[TASK TO CARRY OUT]: In your copy, reproduce the entries exactly as they are, minus the images.

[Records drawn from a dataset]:
# # # #
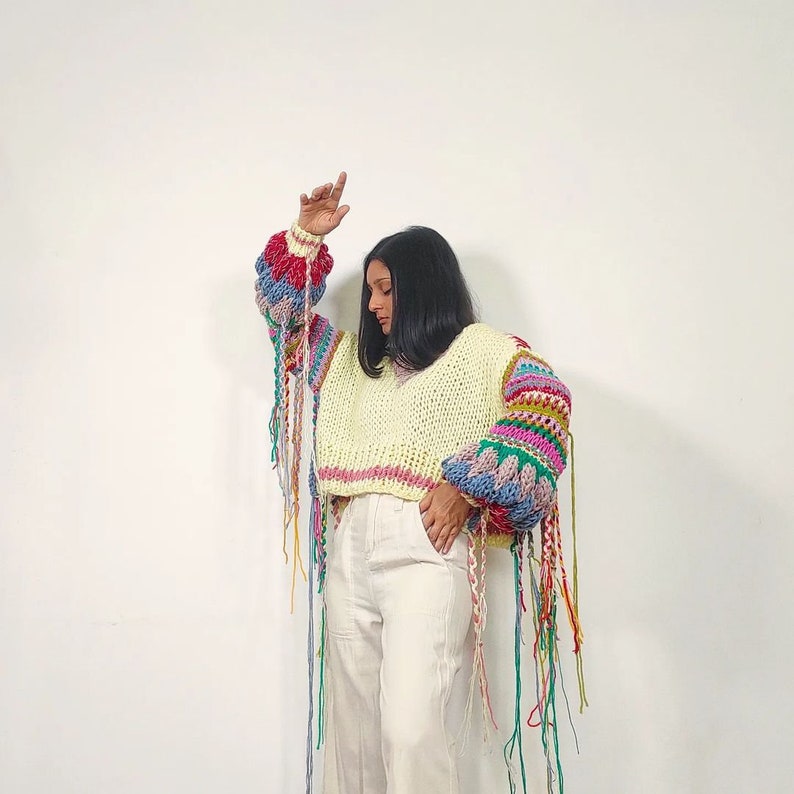 Hand knit 'Spring's Symphony' multicolored, oversized pullover with jacquard structural texture, hand embroidery & handmade braids detailing image 3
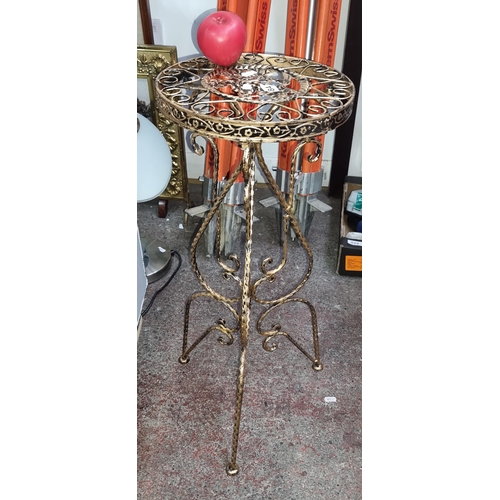 684 - A very pretty brass toned metal plant stand.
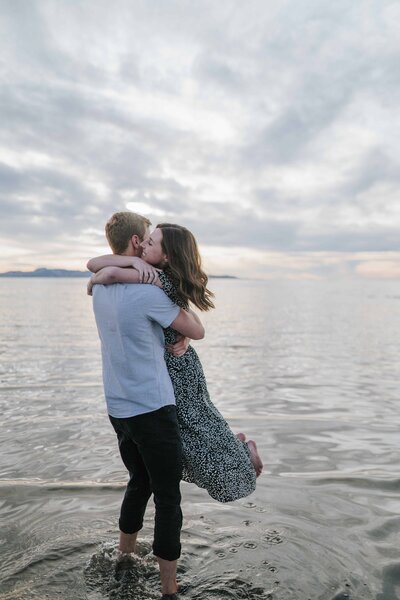 Sacramento Wedding Photographer captures woman jumping in man's arms during beach engagements
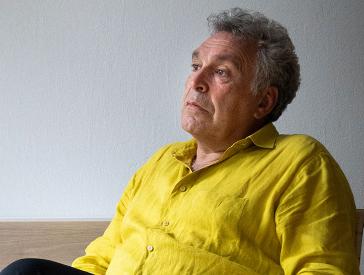 Photo of Frédéric Brenner in half profile, sitting, wearing a yellow shirt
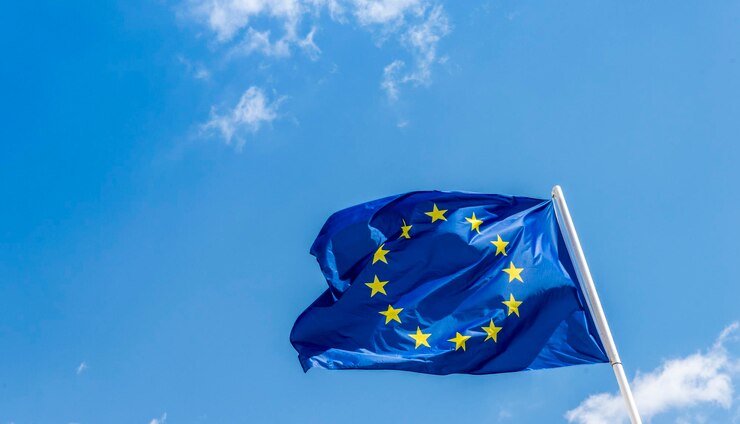 Photo european union eu flag against a blue sky soon there will be one less star since the uk voted to leave the eu in 2016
# # # #
[COMPLETED TASK]:
 Hand knit 'Spring's Symphony' multicolored, oversized pullover with jacquard structural texture, hand embroidery & handmade braids detailing image 3
 684 - A very pretty brass toned metal plant stand.
 Sacramento Wedding Photographer captures woman jumping in man's arms during beach engagements
 Photo of Frédéric Brenner in half profile, sitting, wearing a yellow shirt
 Photo european union eu flag against a blue sky soon there will be one less star since the uk voted to leave the eu in 2016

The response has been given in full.